Kegiatan tersebut menjadi bagian dari upaya menjaring bibit atlet usia dini sekaligus memperluas eksistensi Savate di Kabupaten Tabanan. Hadir dalam kesempatan itu jajaran KONI Bali, KONI Tabanan, Dinas Pendidikan dan Olahraga Kabupaten Tabanan, serta pengurus Federasi Savate Indonesia dari seluruh kabupaten/kota di Bali.

Sekretaris Umum KONI Bali, I Ketut Jagra Sunu, mengatakan perkembangan Savate di Bali menunjukkan tren yang positif. Meski secara administratif masih menunggu pengesahan sebagai anggota KONI Bali, secara prinsip cabang olahraga tersebut telah mendapat persetujuan.
"Secara prinsip Savate sudah kami setujui menjadi anggota KONI Bali. Tinggal diumumkan dalam Rakerprov. Harapan kami tahun ini resmi menjadi anggota KONI Bali sehingga pada Porprov Bali 2027 bisa dipertandingkan sebagai cabang ekshibisi," ujarnya.
Ia menambahkan, prestasi Savate Bali juga terus berkembang. Atlet Bali telah mengikuti Kejuaraan Nasional sejak 2025, bahkan Bali dipercaya menjadi tuan rumah Kejurnas Savate yang akan digelar pada November 2026.
Sementara itu, Sekretaris Umum Savate Provinsi Bali, Deva Putra, mengungkapkan kepengurusan Savate kini telah terbentuk di seluruh sembilan kabupaten/kota di Bali. Menurutnya, seluruh pengurus daerah aktif menggelar pembinaan, kejuaraan, maupun sosialisasi untuk memperkenalkan olahraga tersebut kepada masyarakat.

"Di Savate ada tiga nomor pertandingan, yakni body contact, point fighting, dan seni tongkat. Cabang olahraga ini bisa diikuti mulai usia tujuh tahun hingga dewasa dengan kategori berdasarkan kelompok umur dan berat badan," jelasnya.
Ketua Pengkab Savate Tabanan, Romanica Anggela Intanisari, mengatakan pihaknya berkomitmen memperluas pembinaan melalui latihan bersama, sosialisasi ke sekolah maupun kecamatan, hingga kegiatan sosial yang melibatkan masyarakat.
"Kami akan turun langsung ke berbagai kecamatan untuk memperkenalkan Savate.
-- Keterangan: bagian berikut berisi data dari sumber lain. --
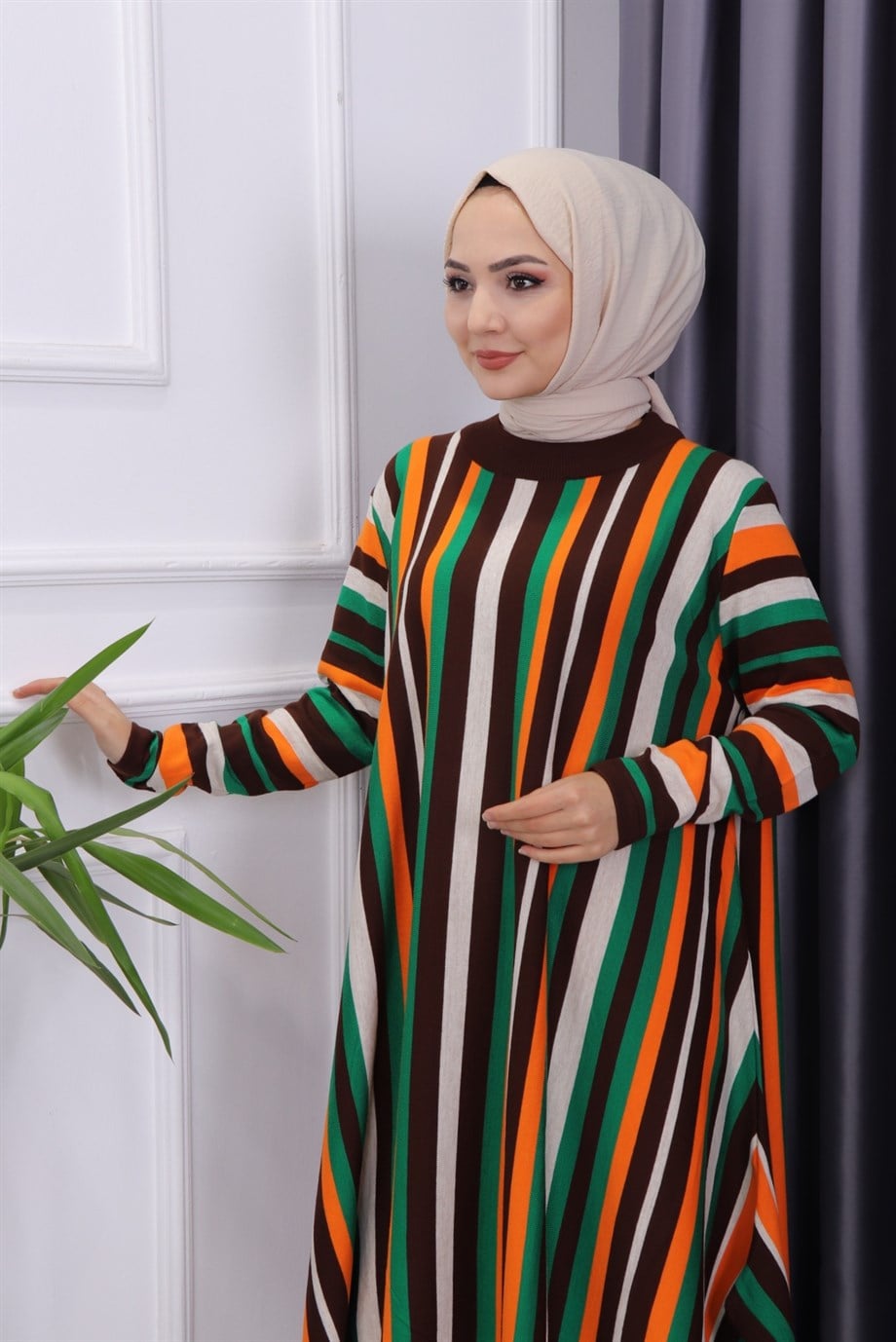 Çizgili Triko Tunik Acı Kahve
Selain itu juga menggelar kegiatan CSR seperti aksi bersih-bersih pantai dan area publik, serta memanfaatkan media sosial agar masyarakat semakin mengenal olahraga ini," katanya.
Saat ini Savate Tabanan telah membina tujuh atlet senior dan lima atlet usia dini berusia 8 hingga 12 tahun. Pengurus membuka kesempatan bagi masyarakat yang ingin bergabung untuk berlatih dan mengembangkan potensi di cabang olahraga tersebut.
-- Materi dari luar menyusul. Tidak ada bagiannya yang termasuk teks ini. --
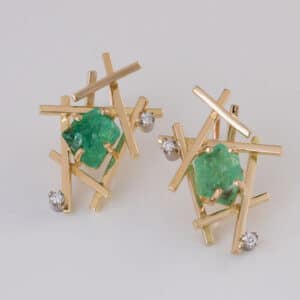 emerald crystal earrings, Abrecht Bird Jewellers, Greg John, emerald earrings, earrings, crystal earrings,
Menurut Anggela, pembinaan yang dilakukan tidak hanya berorientasi pada pencapaian prestasi, tetapi juga membentuk karakter generasi muda.
"Kami ingin melahirkan atlet yang beretika, berkarakter, dan berprestasi, sehingga mampu membawa nama Tabanan, Bali, bahkan Indonesia di tingkat nasional maupun internasional," ujarnya.
Senada dengan itu, Sekretaris Umum Savate Tabanan, I Nyoman Duantara, menegaskan bahwa prestasi atlet harus didukung oleh tata kelola organisasi yang baik.
"Prestasi tanpa manajemen organisasi yang kuat tidak akan memberikan dampak jangka panjang. Karena itu kami terus melakukan pembinaan, sosialisasi, dan merangkul atlet-atlet potensial agar dapat berkembang secara berkelanjutan," tegasnya.
Melalui rangkaian pembinaan dan sosialisasi yang terus diperluas, Savate Tabanan optimistis mampu melahirkan atlet-atlet muda berkualitas sekaligus memperkuat posisi cabang olahraga tersebut di Bali. Kehadiran Savate juga diharapkan dapat menjadi warna baru dalam pembinaan olahraga prestasi sekaligus membentuk generasi muda yang disiplin, sportif, dan berkarakter.